When his parents came to Illinois, Mr. Boyd of this sketch, was an infant of 18 months. consequently, he is to all purposes a native citizen of the township of which he is now a resident and in which he has been a continuous inhabitant ever since. He as trained in the profession of a farmer, and was a pupil in the common schools during the early years in which he was busy in obtaining his education. Later, He was a student at Cherry Grove Seminary at Abingdon, where he attended three terms. At the age of 129 he engaged in teaching and filled his first term of school in District No. 6, in the same township where he was brought up. He also taught one term in addition and that was the extent of his operations as a pedagogue. He has passed the remainder of his life of activity in the pursuit of a farmer.
Oct 1, 1868, he was joined in marriage to Susan F. Dean. She was born in Lewistown, Fulton Co., Ill., Sept 1, 1849, and is the daughter of Michael and Susan Cummings Dean. Her father was born in Kentucky and her mother was a native of Scotland. They were pioneers of Fulton County and are now living in ?Warren County, Illinois.
Mr. Boyd located on the farm on which he is now residing at the time of his marriage. It is situated on the northeast quarter section which has been mentioned. One child--Jennie May, has been born to the household. Mrs. Boyd is a member of the Presbyterian Church. Politically, he is a Democrat. William was a supervisor for three terms.
A. K. Morris. The subject of the following sketch is one of the substantial and well-to-do farmers of Ellison Township. He was born May 4, 1835, in Madison Co., Ohio, and is the son of Amos and Rhoda J. Campbell Morris, and the youngest of the family now living. He came with his parents to Warren County, Ill, in 1854. They settled on section 15, of Ellison Township, where the elder Morris purchased 80 acres of land, to which subsequently other tracts were added.

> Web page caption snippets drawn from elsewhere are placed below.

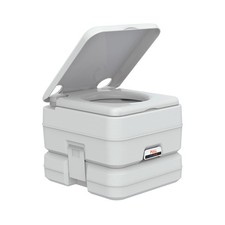 Portable Toilet for Marine, RV, Camping and Boat 2.6 Gallon 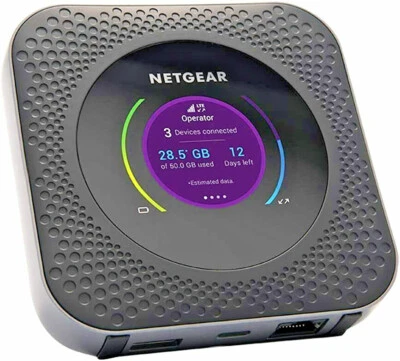 Punto de acceso móvil Netgear Nighthawk M1 4G LTE AT&T/GSM 🔓 Desbloqueado MR1100 MiFi  Foto 1 de 4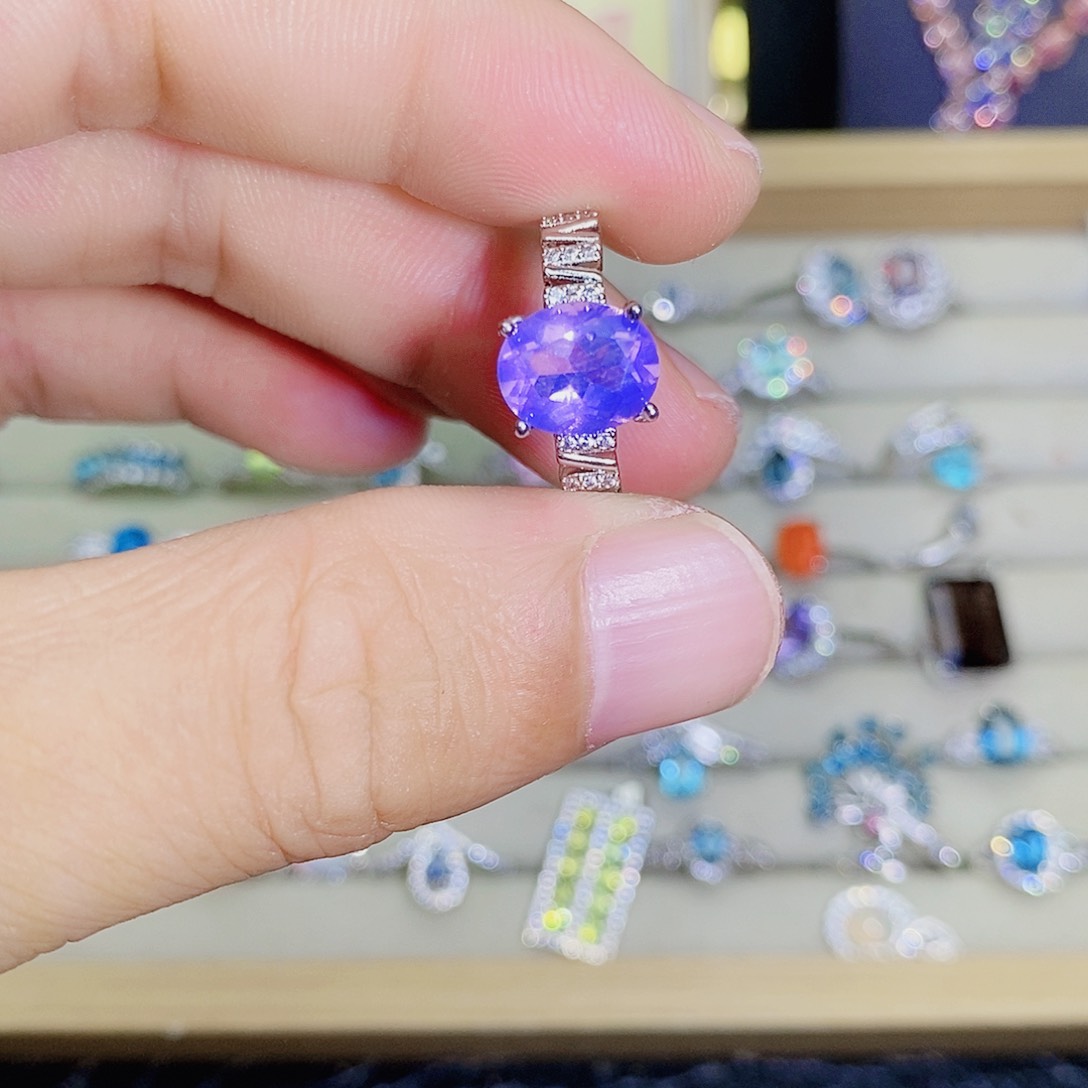 水晶戒指未镶嵌555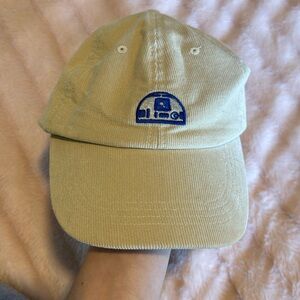 Disney Parks Star Wars Galaxy's Edge Droid R2D2 Hat Cap Adult no Tags Corduroy
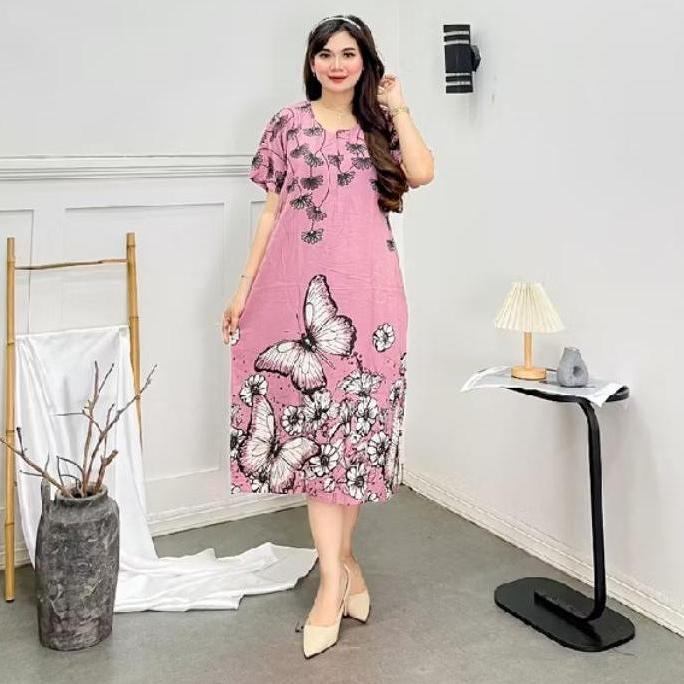 Daster kekinian Motif terbaru bahan adem premium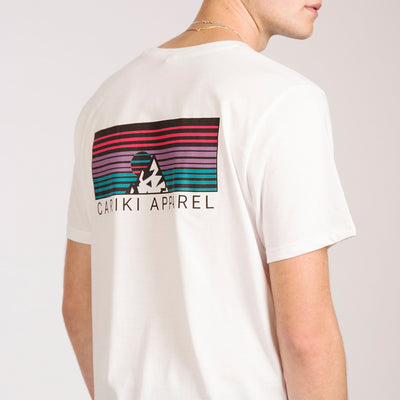 Organic Cotton Sunset T-Shirt for Men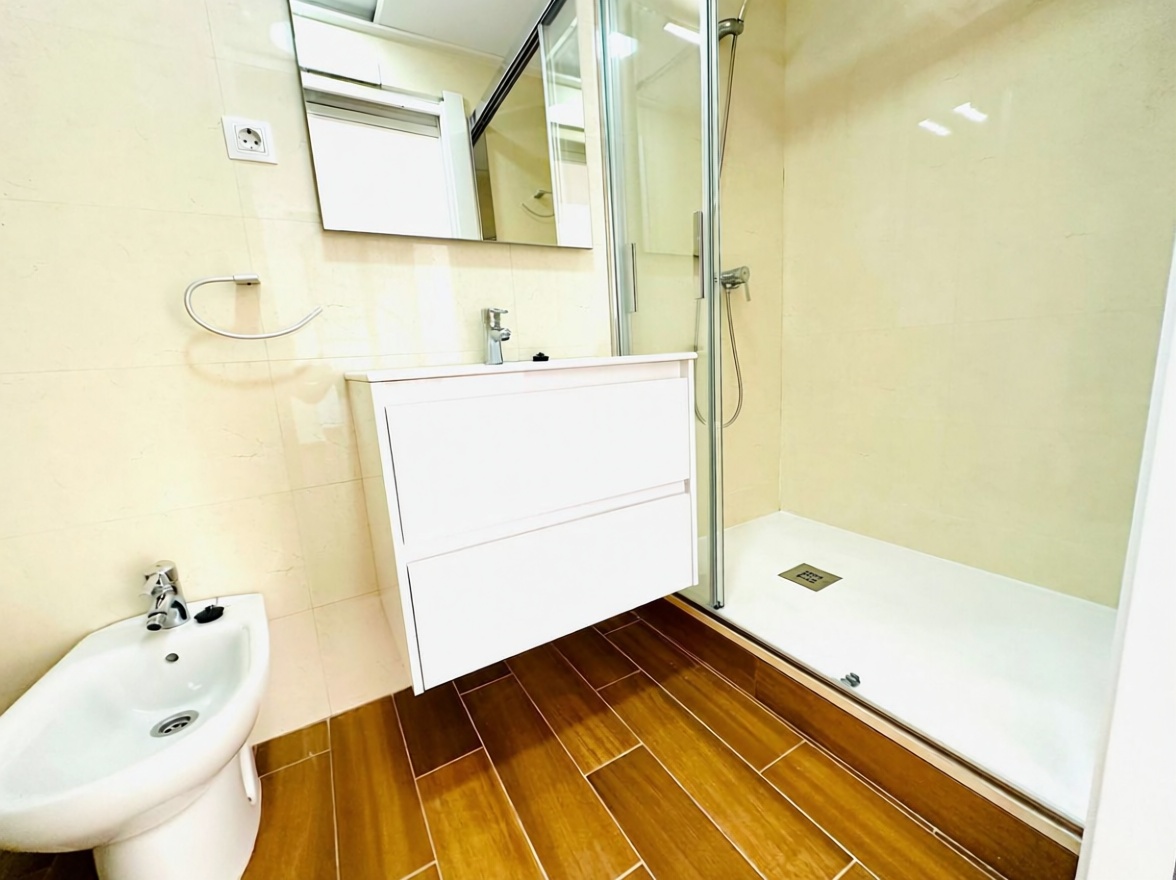 Chalet avec accès direct à la plage à Los Alcázares — Sanitaires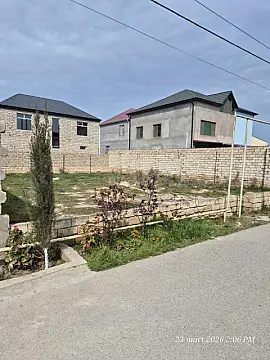Satılır torpaq sahəsi 4.1 m² — Bakı, Hövsan 4.10 m²
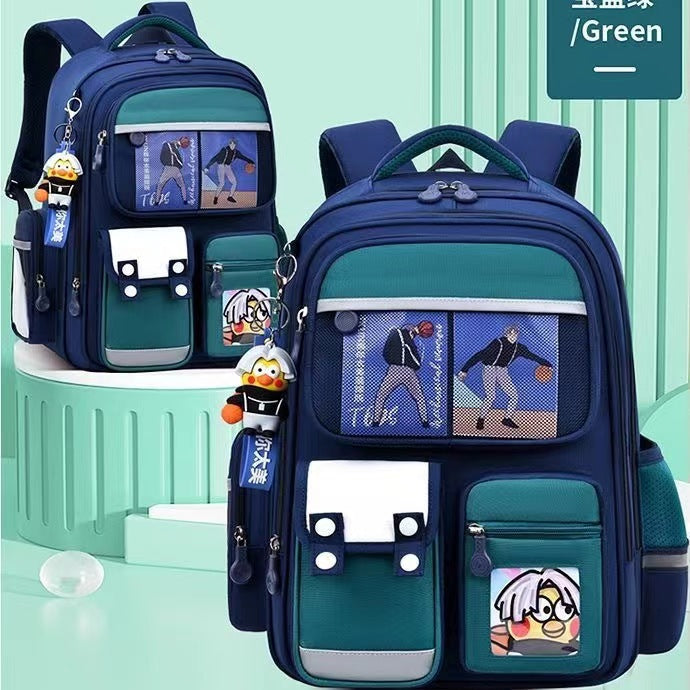 Clow Primary Spine Protection Burden Reduction Backpacks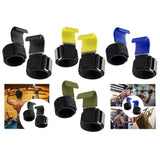 Maxbell 2x Weight Lifting Hooks Fitness Powerlifting Grips for Gym Powerlifts Liftups Black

Young Morris received a good, common-school education in the district schools of his native State and remained an inmate of the parental home until shortly after the breaking out of the Civil War. In February, of 1862, he enlisted in Co D., 12th Ill Cav. The regiment rendezvous was at Chicago and from there went to Springfield, Ill., where for three months it was on duty guarding prisoners. The regiment was then ordered to Mattinsburg, Va., and soon after the entire command, under Gen. Miles was captured at Harper's Ferry, except the 13th Cavalry, which succeeded in cutting its way through the Rebel lines and escaped. Private Morris was sick in the hospital at the time and was captured. He way paroled at Harper's Ferry and from there went to Chicago, via Baltimore and Annapolis. In February, 1863, he re-joined his regiment at Falmouth, Va., and was unfortunate enough to again fall into hands of the enemy. He was captured in the fight at Farrell Station and sent to Libby Prison, at Richmond, from which he was paroled and soon after exchanged. We soon after, however, find him again at the front at the famous battle of Gettysburg. He did honorable and faithful service for his country, and should be remembered for the valiant part he took in its defense. Sounds like you couldn't keep a good man down.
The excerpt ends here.